The findings of this study have demonstrated for the first time that haploinsufficiency of IGF-I caused a significant reduction in serum IGF-I level in mice. If both copies of the IGF-I gene contribute equally to the level of serum IGF-I, we would anticipate the serum IGF-I level to be reduced by 50% in the heterozygous IGF-I KO mice compared with control mice. However, the magnitude of reduction in IGF-I was only about 25% in the mice with haploinsufficiency compared with 100% in homozygous IGF-I KO mice.
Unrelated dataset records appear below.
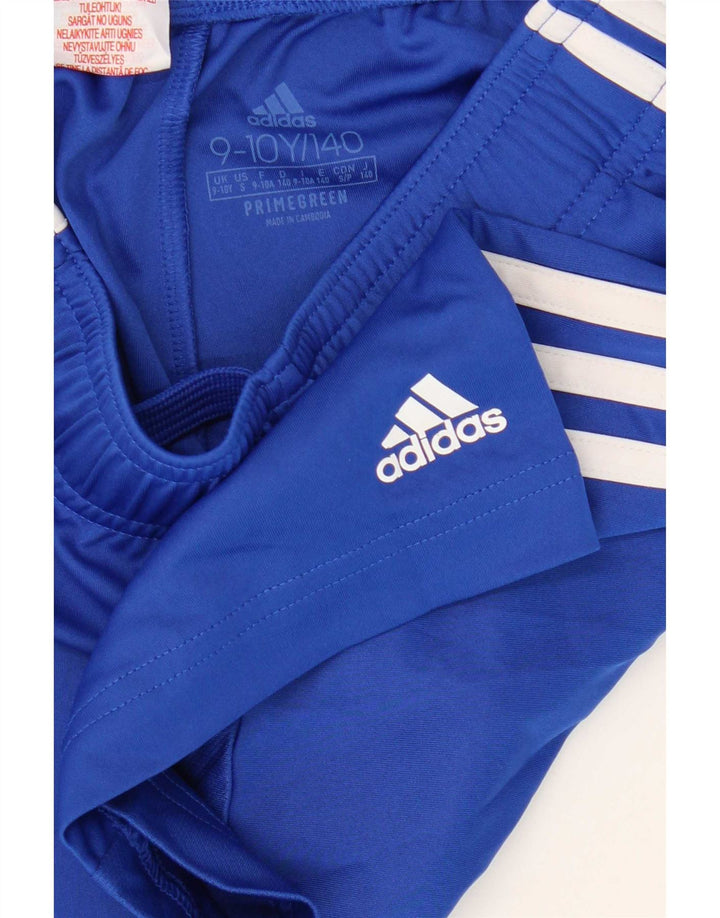 Спортивные шорты Adidas Aeroready для мальчиков 9-10 лет, синие, полиэстер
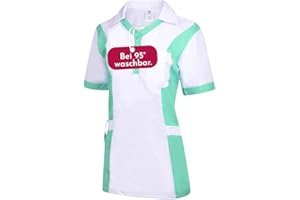 Clinotest Damenkasack Julia - 95 Grad waschbare, kochfeste Kasacks ohne Einlaufen - Kasack aus 65% Polyester, 35% Baumwolle - Pflege Berufsbekleidung für Krankenschwester, Altenpflege, Kosmetik uvm.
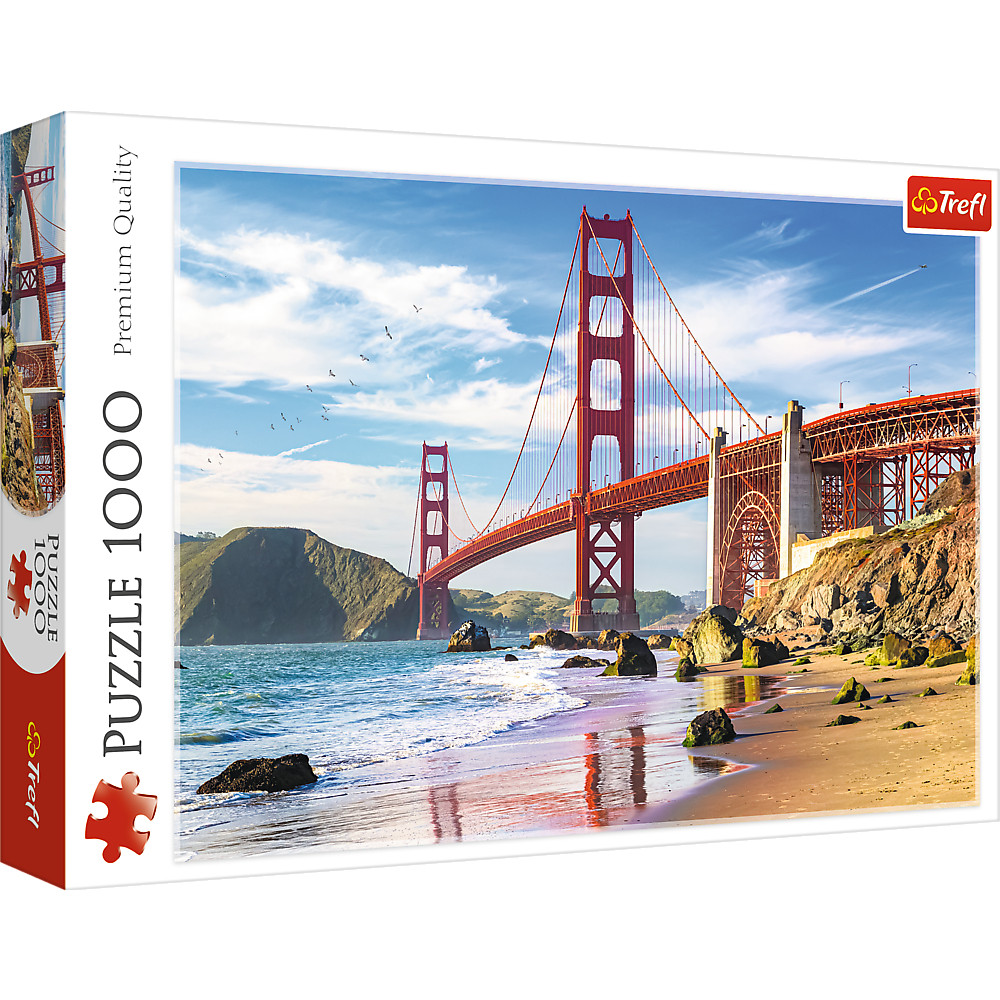 TREFL Jigsaw จิ๊กซอว์ จำนวน 1000 ชิ้น รุ่น Golden Gate Bridge, San Francisco, USA (68.3x48 cm.) นำเข้าจากยุโรป พร้อมส่ง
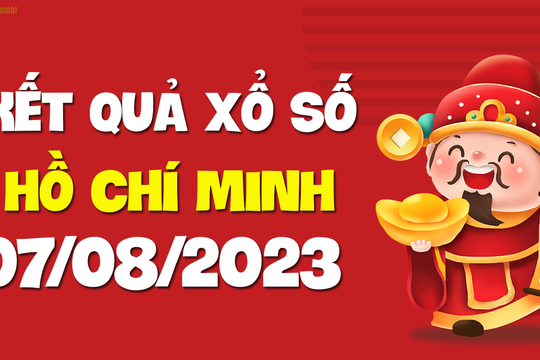 XSHCM 7/8 - Xổ số Hồ Chí Minh ngày 7 tháng 8 năm 2023 - SXHCM 7/8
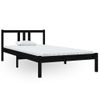 Estructura De Cama Madera Maciza Negro 100x200 Cm Vidaxl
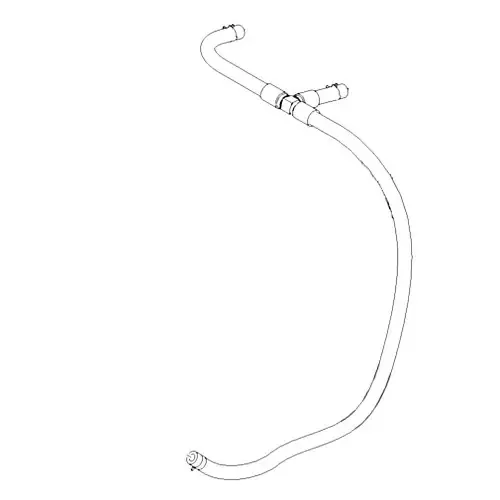 121-5969 – CASE DRAIN HOSE ASM – (TORO ORIGINAL OEM)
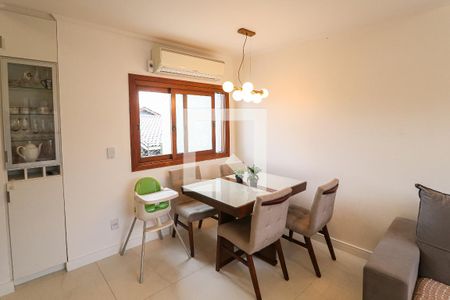 Sala de Jantar de casa de condomínio à venda com 3 quartos, 120m² em Nonoai, Porto Alegre
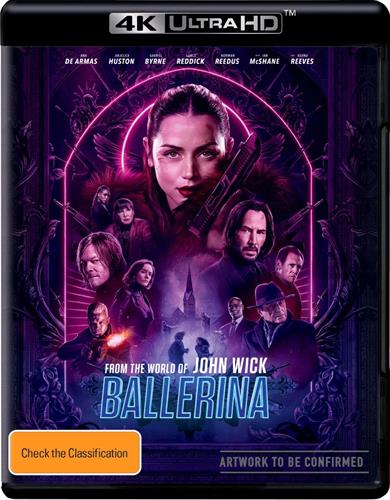 Glen Innes NSW, From John Wick - Ballerina, Movie, Action/Adventure, Blu Ray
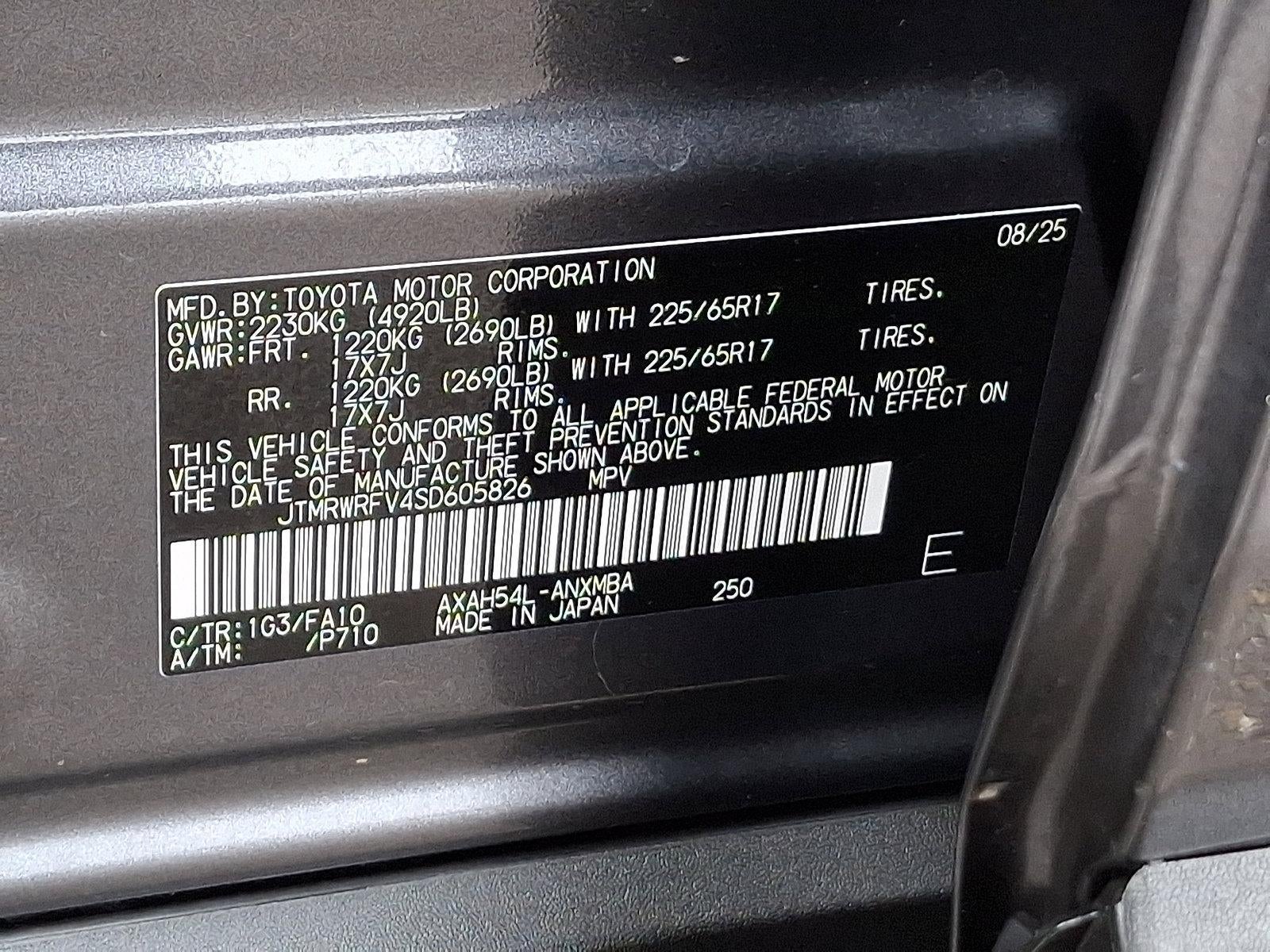 2025 Toyota RAV4 Hybrid XLE AWD (Natl)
There are a number of potential explanations for the less-than-anticipated reduction in circulating IGF-I, which include: (1) the lower IGF-I production in the heterozygous mice may lead to diminished negative feedback on the production of GH-releasing hormone and GH by the hypothalamus and the pituitary respectively (Mohan & Baylink 1999); (2) increased proportion of circulating IGF-I may be bound to acid labile subunit (ALS) and IGFBP-3/IGFBP-5 in the heterozygous mice which would increase the half-life of circulating IGF-I (Rajaram et al. 1997); and (3) two copies of the IGF-I gene may not produce twice the amount of IGF-I compared with a single copy of the IGF-I gene. Future studies are needed to establish the extent to which the expression of IGF-I is reduced in various tissues compared with serum levels of IGF-I in heterozygous mice.

This study also demonstrated for the first time that a 25% reduction in circulating IGF-I caused by haploinsufficiency of IGF-I led to significant reductions in total vBMD (4%) and bone size (7%) in the femur in mice at 8 weeks of age. Consistent with these data, Bouxsein et al. (2002) have recently shown that a congenic mouse strain with a donated segment from a C3H/HeJ mouse into a C57BL/6J mouse had 11–21% lower IGF-I levels and 2·3–4·8% lower total femoral vBMD. The magnitude of reductions in BMD and/or bone size in IGF-I heterozygous mice and congenic mice were far less compared with IGF-I KO mice in which both copies of the IGF-I gene were disrupted (32% and 43% reduction in BMD and bone size respectively). These data raise the possibility that while a small reduction in IGF-I expression (10–20%) produces a significant effect on both BMD and bone size, two important determinants of bone strength, a reduction in IGF-I expression below a certain threshold level may contribute to a much more dramatic effect on the skeletal phenotype. In this regard, it was recently reported that the lowering of serum IGF-I below a threshold by crossing liver-derived IGF-I KO mice with ALS KO mice produced a dramatic effect on bone size which was not seen in either liver-derived IGF-I KO mice or ALS KO mice alone (Yakar et al. 2002).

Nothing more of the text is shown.